Déçu ? Oui & non !
Comme beaucoup, je me suis posé la question de la photo en noir & blanc.
Pourquoi le n&b maintenant ? Je ne le sais pas.
J’ai essayé avec le numérique en fichier natif puisque mon appareil me le permet.
C’est un mode d’expression qui m’attire.
Pourquoi ? Je ne le sais pas. Encore.
Pour moi, les résultats sont probants et à améliorer.
A force de parcourir le forum « argentique », je me suis dit : pourquoi pas ?
Les mordus vantent le rapport avec leur appareil et le rendu sur ce fameux papier baryté.
Pourquoi ne pas essayer ?
A discuter avec mon copain Gilles, me voilà paré d’un F90 et d’une Tmax 400.
Premiers contacts, je teste et je ne suis pas dépaysé par son ergonomie.
Un Nikon reste un Nikon même si l’évolution est flagrante.
L’occasion d’aller plus loin en situation se révèle bientôt.
Argentique et numérique vont sortir ensemble.
Le F90 aura l’honneur d’étrenner le 50mm F1.4 tout neuf.

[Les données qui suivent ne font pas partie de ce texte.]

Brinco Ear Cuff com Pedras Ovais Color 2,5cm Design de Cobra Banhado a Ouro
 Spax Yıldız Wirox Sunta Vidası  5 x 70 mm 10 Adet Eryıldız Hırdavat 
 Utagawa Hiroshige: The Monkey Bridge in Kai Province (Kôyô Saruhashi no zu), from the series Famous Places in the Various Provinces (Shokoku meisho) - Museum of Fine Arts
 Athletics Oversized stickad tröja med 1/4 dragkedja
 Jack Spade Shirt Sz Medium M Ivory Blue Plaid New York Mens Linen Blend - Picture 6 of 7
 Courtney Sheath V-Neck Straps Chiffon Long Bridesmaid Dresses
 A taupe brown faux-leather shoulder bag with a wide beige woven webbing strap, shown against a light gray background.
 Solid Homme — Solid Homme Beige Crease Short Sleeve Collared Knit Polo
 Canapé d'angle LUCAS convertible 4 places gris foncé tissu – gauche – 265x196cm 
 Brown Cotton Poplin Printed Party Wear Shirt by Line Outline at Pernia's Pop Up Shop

Le Jazz, quoi de meilleur comme ambiance pour le n&b ?
Déception, le bruit à chaque déclenchement condamne (très) vite le F90 au silence.
Déçu : les réactions de l’autofocus sont imprévisibles, l’accroche en faible lumière est hasardeuse.
Profitant qu’une galerie extérieure entoure la scéne, je fais quelques photos conjointement avec le numérique. Un peu angoissé par le résultat, hé oui : pas d’écran arrière !
Le lendemain, profitant d’un environnement propice au n&b (brouillard), je ressors le F90.
Nouvelle déception, l’autofocus manque vraiment d’accroche dans cette situation sans contraste.
Alors, au vu de cette experience, je crois que tous, nous devons rester humbles et comprendre les motivations de chacun.
Mes remarques :
Le progrès fait par le numérique par rapport à un boîtier de très bonne réputation comme le F90 est énorme sur le plan de l’autofocus et de la mesure de la lumière. La visée du numérique n’a pas à rougir de la comparaison. La polémique entre le grain et le « bruit » n’a pas lieu d’être. Le résultat est le même à sensibilité égale quoiqu’en pensent certains.
Positif : le résultat obtenu malgré ces différences, le négatif scanné a bien réagi aux modifs effectuées (courbes, luminosité, contraste). Par contre, je ne pense pas qu’un négatif original (de ce que j’ai fait) donne un bon résultat en tirage « labo » mais j’essayerai. Peut être cela vient-il de moi aussi.
Positif aussi, l’envie de recommencer, mais seulement avec un boîtier plus évolué qui puisse soutenir techniquement la comparaison avec le D200. Peut-être ai-je trop attendu de cette première expérience ? Je dois certainement apprendre à « assimiler » l’argentique. Faire la démarche à l’envers, comme dit Laurence, est moins évidente que d’évoluer argentique-numérique.